“I don’t trust him. He must have an ulterior motive. Otherwise, why would he let you into his guild knowing your demon is out of control?”

I didn’t let her pessimism dampen my hope that the Crow and Hammer would be everything the Grand Grimoire hadn’t been. “Zylas has been behaving himself really well.”

“Yeah, but for how long?” She pointed. “Is that the place?”

Across the street, a square building with a brick fa?ade rose three stories, its dark front door hiding in the shadows of a recessed entrance. We crossed the quiet road and stopped in the alcove. Painted on the old wooden door was a crow, wings flared aggressively, perched on a war hammer.

My nerves ratcheted at the faint music leaking through the door. “Amalia …”

“Yeah?”

“Thanks for sticking with me.”

She grimaced at the door, struggling internally with something. “Thanks for saving me.”

“Huh?”

“When Red Rum had us. You and that speedy demon of yours could’ve run for it, but you saved me instead. You two came right for me when you burst out of that shipping container.” She blinked at the ground, avoiding my eyes. “My own dad ditched me to protect himself and my lousy stepbrother straight up betrayed me. But even though I’ve been a bitch to you, you still saved me.”

Her gray eyes met mine. “I think I’d rather stick with you than go back to those worthless cowards.”

An amazed smile spread across my face, and she returned it.

“Though,” she added, “Zylas makes me damn nervous. Have you figured it out yet?”

“Figured what out?”

“How he’s interpreting the protection clause of your contract.”

I lowered my voice to a whisper. “We already know that. Protecting me means he can’t hurt me or put me in danger, which is why he mostly does what I ask.”

She’d started shaking her head before I’d finished. “Robin, didn’t you notice?”

“Notice what?”

“When Red Rum was forcing you to give up your contract,” she said, “Zylas caused them to cut your throat. If the contract prevented him from endangering you, he wouldn’t have been able to move while that knife was anywhere near your neck.”

“Wait … what?” I suddenly felt dizzy. “I don’t understand.”

“It means we have no idea what he can and can’t do under the contract.” Her stare pierced me warningly. “But you need to figure it out.”

I was still gaping at her when she knocked on the guild door.

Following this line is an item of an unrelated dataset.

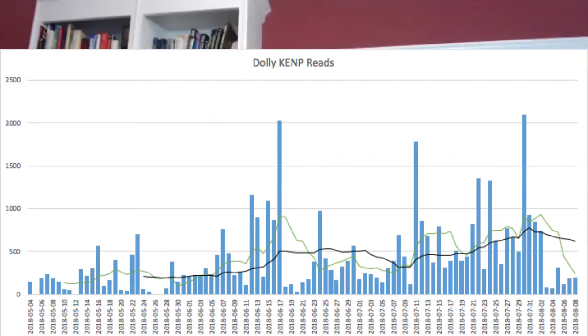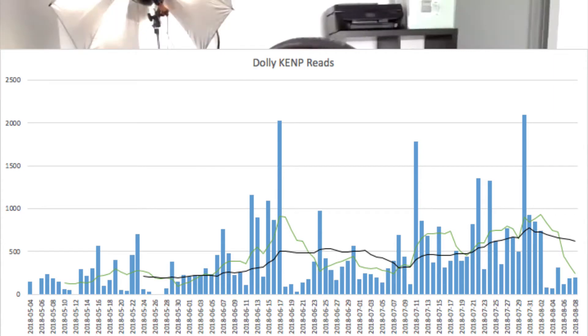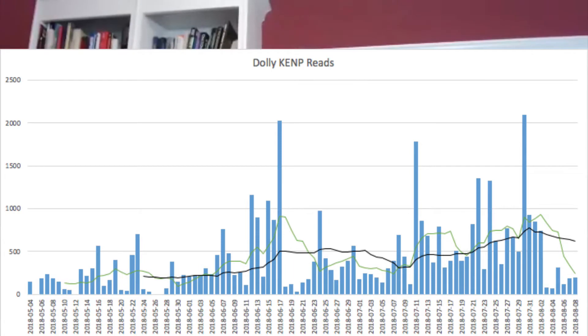That chart I sent you earlier today — did you take a look at that? I did briefly. You have a seven-day and a 21-day on there. What I'm doing there is: the bar chart is the raw data for the day — this is KU page reads for the first book in this fiction I write under a pen name. The black line is the 21-day moving average and the green line is the seven-day moving average. What are some of the things that are interesting to you?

Wild questions spun through my mind and I almost missed the door opening, but the shocking sight of Darius with a long beard derailed me. As he invited us in, I realized he was in costume, along with the dozen or more people gathering around the entrance. A Halloween party. Were Amalia and I supposed to be in costume too?

The thought scarcely registered, my mind consumed with bigger worries than whether I was dressed correctly.

Zylas had put me in danger. Did that mean the contract wasn’t stopping him from letting harm befall me? No coercive magic was forcing him to behave like an enslaved demon, to obey me, to promise not to harm my allies?

Girard, the volcanomage Alistair, and a woman in a scarecrow costume—the assistant guild master, I remembered—were welcoming me and Amalia to the guild. I barely heard them.

Was Zylas choosing to do all those things of his own free will? How did the contract bind us, then?

Darius faced the gathered mythics. He was speaking to the small crowd.

Where was the line between contract and choice?

Gesturing to Amalia, Darius proudly introduced her as an apprentice sorceress.

Why would Zylas go to such lengths to keep me safe from all danger if the contract wasn’t forcing him?

Darius reached around Amalia.

Why?

His hand closed on my shoulder and he pulled me to the front. All eyes fixed on me and I froze as a surprised murmur rippled through the assembled guild members.

“And this,” Darius announced, “is Robin Page, our very first demon contractor.”

Gasps whispered through the mythics. Quaking where I stood, I forced myself to look up into the shocked faces of my new guild mates, and my gaze caught on a pair of wide hazel eyes. The redhaired woman stared at me, her lips parted in what might have been horror.

I recognized her.

Three handsome men surrounded the woman, and I recognized them too—one with copper hair and blue eyes, one with black hair and dark eyes, and a third with curly brown hair and a bold scar that cut down the left side of his face.

Those four were the mysterious bystanders who’d witnessed Zylas’s defeat of Tahēsh. The ones who’d fled the scene immediately afterward, racing away in a red sports car. The ones who Zylas had said carried the scent of a third demon—the unknown, unseen, powerful demon that had wounded Tahēsh when Zylas couldn’t land a single blow.

I stared at the four mythics, and they stared back at me.

This guild had far more secrets than I’d realized, and keeping my own safe and hidden had just gotten perilously complicated.